A month later one-hundred and twenty-one investors, ninety-one listed in Who's Who in America, formed the New York World's Fair Corporation. Richard Whitney, the chairman of the bond drive to fund the fair, eventually wore No. 94,385 in Sing Sing for embezzlement in other matters.

New York host a world's fair? Not since 1853 when President Franklin Pierce opened the city's Crystal Palace! In 1910 Mayor William Gaynor suggested a similar idea that industrialist George Westinghouse squelched: "There are too many damned fairs now."

Some seemed skeptical of the enterprise. Life magazine insisted: "If the Roosevelt Recession should unhappily persist into 1939, the promoters of the New York Fair may console themselves with the thought that of America's five great World's Fairs, four have opened during a depression."

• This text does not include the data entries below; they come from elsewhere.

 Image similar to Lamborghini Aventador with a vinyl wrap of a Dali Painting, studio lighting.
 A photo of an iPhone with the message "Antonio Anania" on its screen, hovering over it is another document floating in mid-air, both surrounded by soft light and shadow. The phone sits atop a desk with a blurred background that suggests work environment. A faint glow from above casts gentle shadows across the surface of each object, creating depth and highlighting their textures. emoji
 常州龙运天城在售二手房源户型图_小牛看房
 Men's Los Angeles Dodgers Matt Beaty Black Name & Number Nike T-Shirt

Even New Yorkers greeted the announcement with a gasp of surprise. The city had nearly 200,000 families "on the dole" and 150,000 persons on work relief. And, as some suggested: "Big expositions are usually an outgrowth of civic pride and of this quality New York has shown little consciousness."

And a few New Yorkers willingly conceded a world's fair to Chicago, as long as The Big Apple kept the world's series. But The New York Times countered: "A world's fair for New York in 1939 stirs the imagination." The only possible drawback – another world war.

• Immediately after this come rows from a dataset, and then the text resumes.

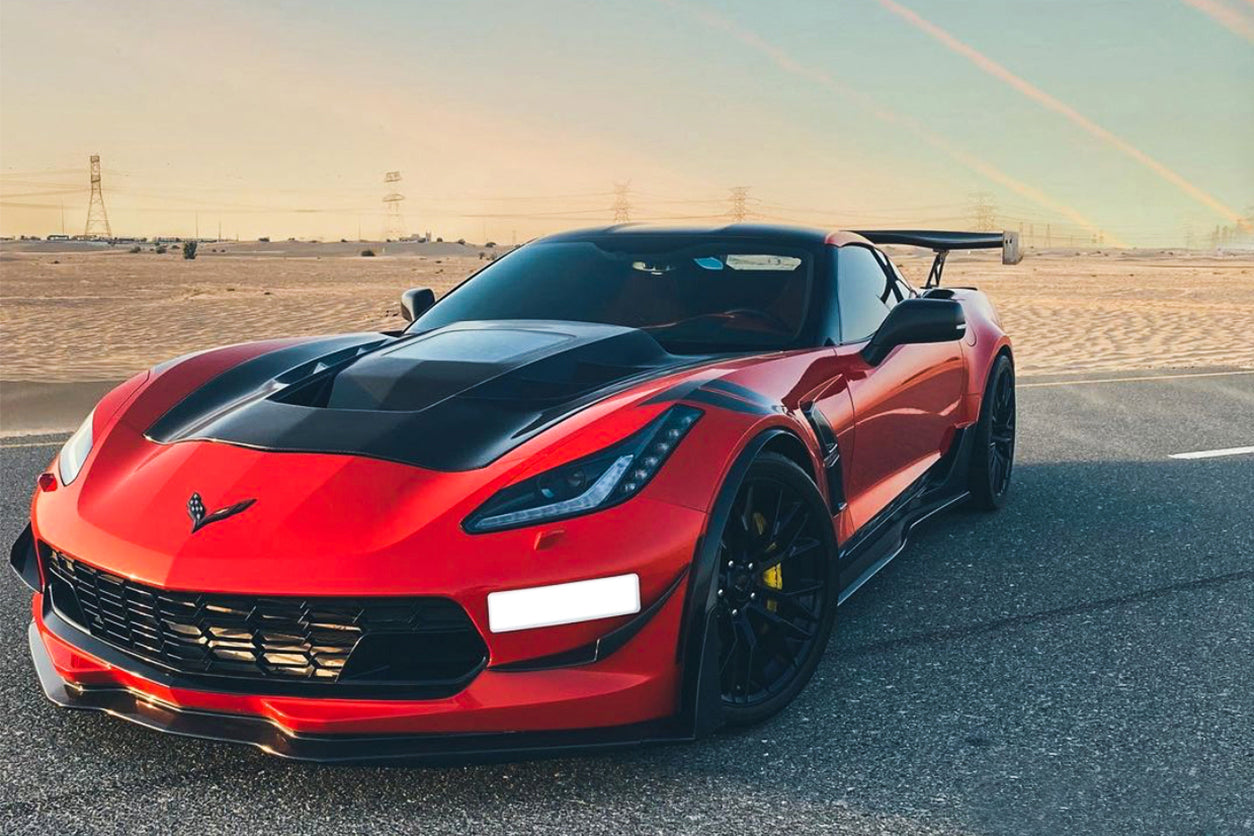 DarwinPRO 2013-2019 Corvette C7 Z51 Z06 Grandsport Carbon Fiber Front Lip with Winglets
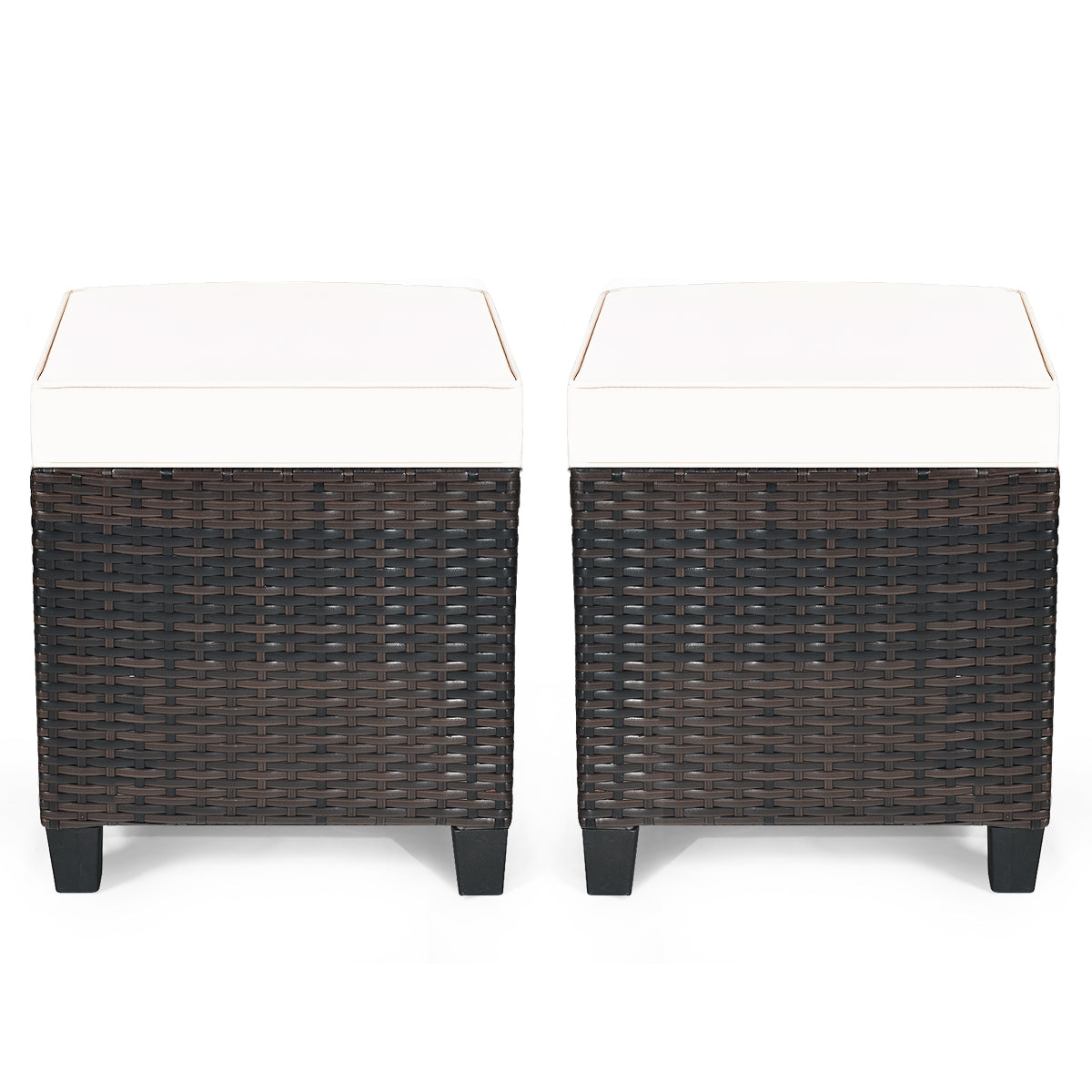 Patio Rattan Ottoman Set with Removable Cushions (2-Piece)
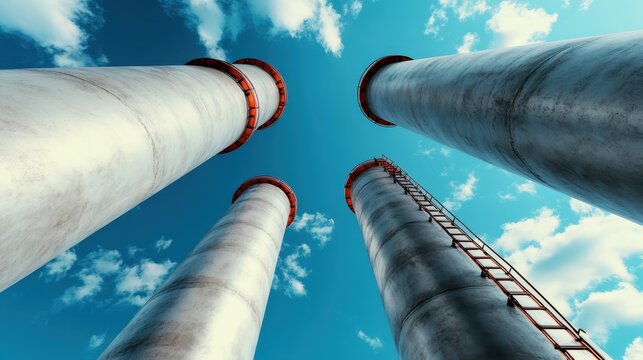 The image captures towering industrial chimneys against a vivid blue sky, showcasing the juxtaposition of man-made structures and nature's beauty in a modern setting. - Powered by Adobe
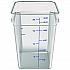Squares Polycarbonate Food Storage Container, 22 qt, 11 13 x 11.13 x 15.72, Clear, Plastic (1195607)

But the corporation predicted big returns. "Careful estimates by engineering experts" indicated a minimum attendance of 40,000,000 with a "reasonable hope" of 50,000,000. And "an even larger attendance is not an impossibility." These enthusiastic projections would result in a profit of not less than $8,269,555!

A few weeks later the corporation named Grover Whalen its president and George McAneny the chairman of the board of directors. Initially Whalen boasted of being a "dollar-a-year man" but later reports indicated he received $75,000 a year with $25,000 in expenses.

Shadgen and Roosevelt received corporation employment at identical salaries – $625 a month. Roosevelt served as the Director of Foreign Participation. (He worked for the fair from March 1, 1936 to its conclusion on October 31, 1940, drawing $34, 375 for his services. He no longer lived at the Y.)

And as the fair's corporation shunted Shadgen and Roosevelt aside, they quickly altered the tone of the fair. Humorist Irvin S. Cobb noted: "It's customary before launching a world's fair or an exposition or whatever they may call it, to hang the excuse for same on some great event in history and then forget all about the thing that the show is supposed to commemorate in the excitement to see Sally Rand unveiled."

Grover Whalen professed: "We had to find an idea on which to peg the fair. We wanted something different from any fair that had ever been undertaken before." To that end, a year after its incorporation, the fair announced its new theme "Building the World of Tomorrow." Even that theme didn't last long, as the "Building the" was soon dropped. So, after the fair's opening, the loneliest figure on the Flushing Meadows fairgrounds was the thirty-eight foot statue of George Washington.

For nine months the corporation employed Joseph Shadgen, the "Father of the Fair," in its engineering department. "I had nothing to do and sat at my desk from 9 A.M. until 5 P.M. That was like being in jail for a man of my temperament." Complaints that he only sharpened pencils drew a dismissal notice from general manager W. Earle Andrews.

Undeterred by the fact he had signed away all rights to his idea, Shadgen hired Queens attorney Nathan A. Goldenthall and sued the fair corporation for $1,000,000. The corporation and Shadgen eventually arrived at a settlement of $45,000. Very bitter, Shadgen proclaimed: "We won't go anywhere near the place. they pirated our idea. Let them enjoy their party. And Mrs. Shadgen bristled: "We've been treated so badly that we can never forgive."

When the fair closed in 1940, Shadgen admitted to visiting the Luxemburg exhibit the day before the fair's official opening in 1939, but, he never set foot on the grounds again. "I have had no wish to see it. To me it is sometimes like a bad dream – other times, just one of those very, very funny stories that can happen in the big city."